One of the problems, White acknowledged, is that hardly any-one notices the benefits of flood control dams – except the operators (see Letters to the Editor on p13 of this issue). So perhaps this is also relevant to Geoff Sims’ comments on improving communication with non-technical people.
The cost of building flood control dams is high, White admits, but believes this only highlights the added value of multi-purpose schemes. In addition, he thinks industry needs to seriously consider sedimentation and the effectiveness of existing dams. ‘We need to quantify the benefits and disbenefits more rigorously,’ he said, ‘and put a higher value on sustainability and longevity.’
Reflecting on the meeting at the Institution of Civil Engineers, Achim Steiner traced the development of the dams debate. He says it has taken the dam building fraternity 50 years to take the issues seriously. ‘Society does change its values over time through humanity and knowledge,’ WCD’s secretary general said. ‘And what seemed acceptable as sacrifices 50 years ago are not now.’
Steiner reaffirmed his belief that the report does not tell any country to build, or not to build, dams. It is all about how society gets relevant information to decide on its best options. ‘It is my firm belief that this report is a correction,’ he said. ‘It is not the final truth.’
All of the observations the delegates had made about the report were fair, and Steiner added that the Commission would take note of them. He spoke of how humbling it was to be in a room, where both sides of what has been called the dams debate, are sitting together and speaking civilly, openly and with respect. ‘NGOs and civil society used to bang their heads on closed doors. The ability to trust one another had diminished. But now this Commission has proved that in the right context, framework and environment, people can cross the barricades and talk to one another.’

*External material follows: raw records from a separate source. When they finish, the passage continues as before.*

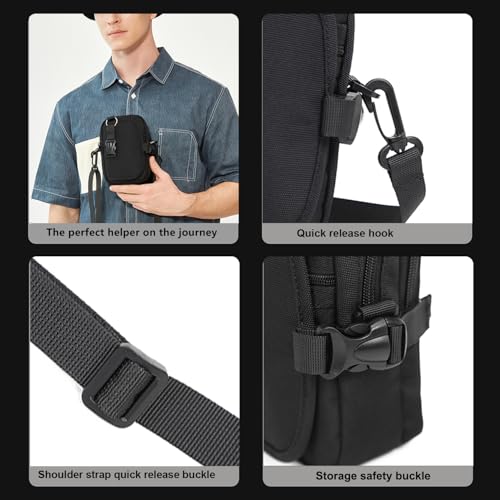 UnisexAdult Small Crossbody Messenger Bag Durable Chest Handbag Sling Crossbody Backpack3
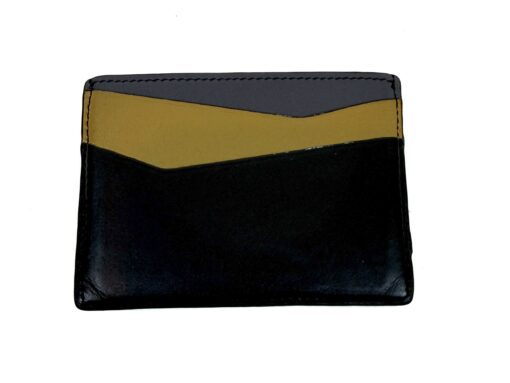Loewe Men's Puzzle Colorblock Leather Card Case - Image 3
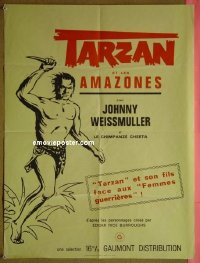 #2442 TARZAN & THE AMAZONS French R60s 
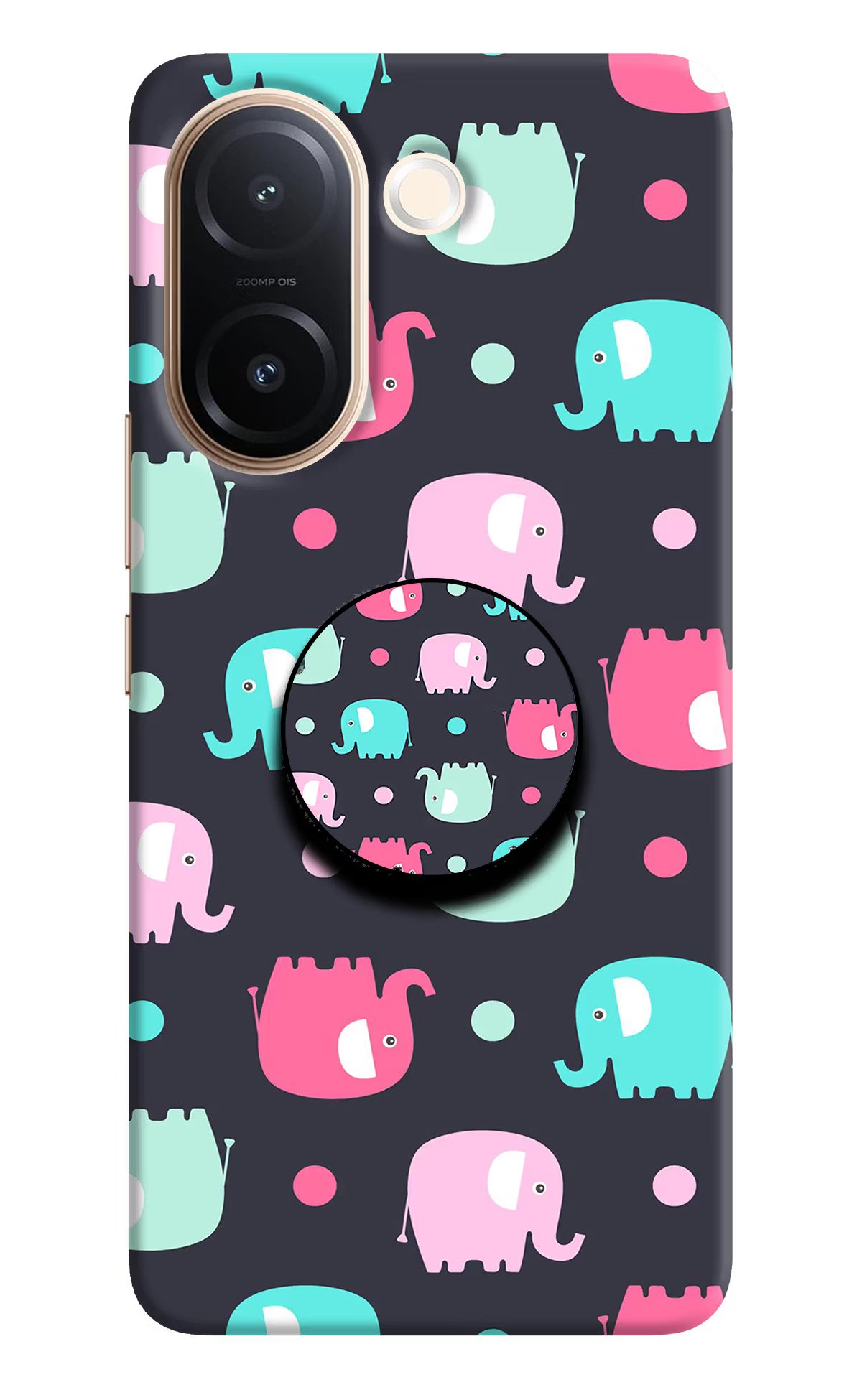 Baby Elephants Vivo V60e 5G Pop Case - Baby Elephants Vivo V60e 5G Pop Case Baby Elephants Vivo V60e 5G Pop Case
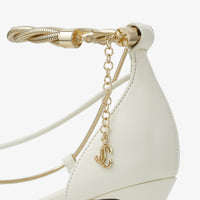 Sandales Oriana 75 en cuir - Latte & Gold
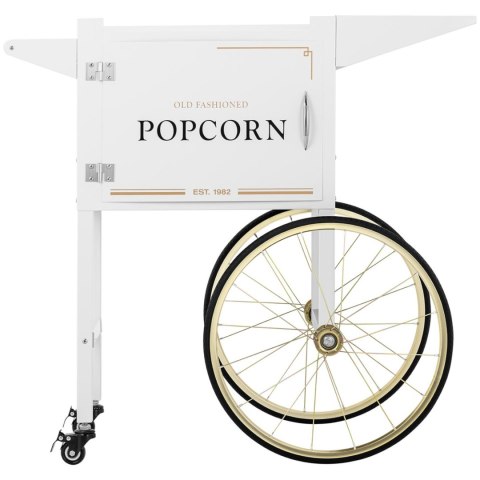Wózek podstawa do maszyny do popcornu z szafką retro 51 x 37 cm - biało-złoty Royal Catering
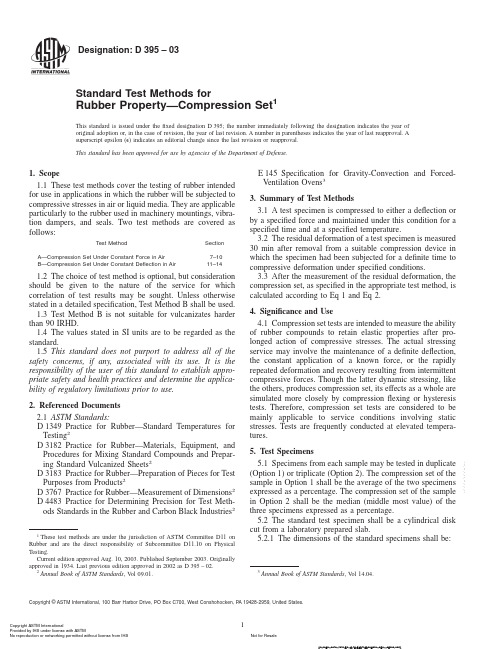 ASTM D 395-03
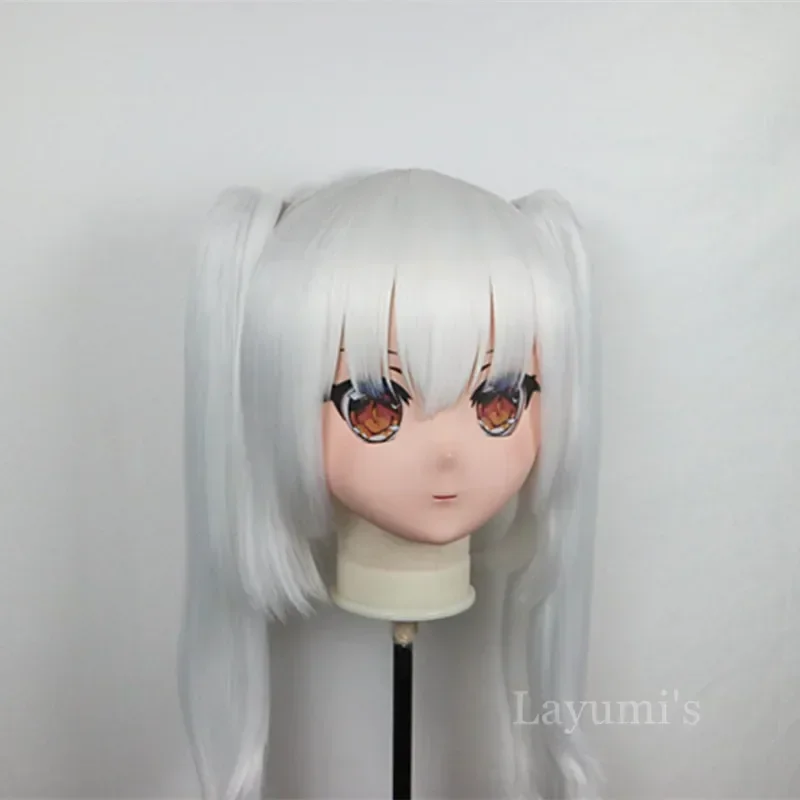 (B88) Customized Lifesize Mask Crossdressing with Backshell Silicone Anime Kigurumi Mask Cosplay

Steiner also praised the foresight of the British Dam Society. ‘The BDS had the courage to organise this meeting several months before the report was released,’ he said. ‘It sets an example of how we can work with one another and create an opening for progress to be made.’
Certain funding agencies have already taken up the gauntlet handed down from WCD. As Chris Mullin, UK Parliamentary Under-Secretary of State for International Development, said: ‘Internationally the export credit agencies of 27 governments are working together to establish a common approach to environmental issues and the British department is playing a role in these discussions. In the past export credit agencies have been among the key offenders in this area. They have a responsibility to ensure that any dams they are called upon to support are capable of delivering the benefits promised, and that these benefits clearly outweigh any social and environmental damages. If they don’t, the dam should not be built.’ Mullin added that the UK’s Department for International Development will offer support to governments in developing countries who want to implement WCD’s report.

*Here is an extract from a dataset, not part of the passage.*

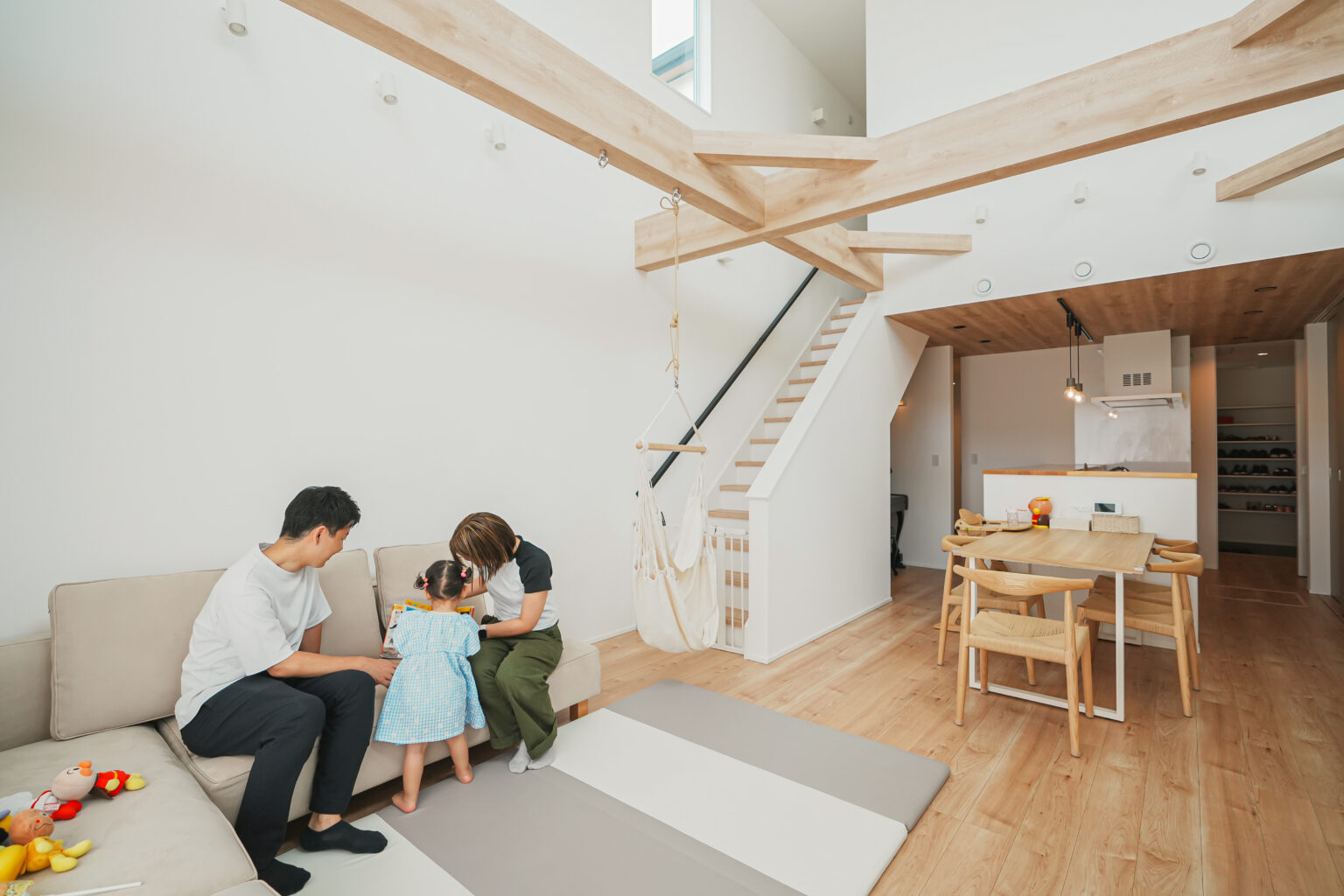 “こう暮らしたい”をカタチにした　オーダーメイドの家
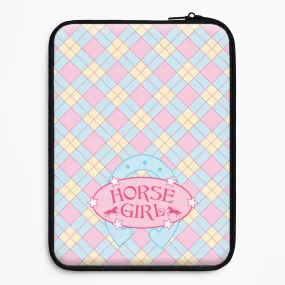 Horse Girl - Horses Laptop Sleeve Grip Texture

Whatever your views of, or concerns about Dams and Development, the discussion and action it has initiated is set to continue. ‘If dam construction occurs in the future it is the responsibility of companies in the industry to ensure that compliance is given greater importance,’ says Steiner. ‘Especially if companies from the developed world are working in developing countries, where compliance and government structures may not be so good.’ Derek Osborne, chairman of the UN Develop-ment and Environment Forum, added: ‘It is too important a subject to be left to governments alone.’
Although WCD has officially disbanded, the work it has started will continue. On 27 February 2001, at the third and final WCD forum in South Africa, 100 participants took part in discussions about the Commission’s report and the next course of action. The forum liaison group is set to establish a temporary dams and development unit which will be hosted by the UN environment programme and work closely with governments to review and implement the report.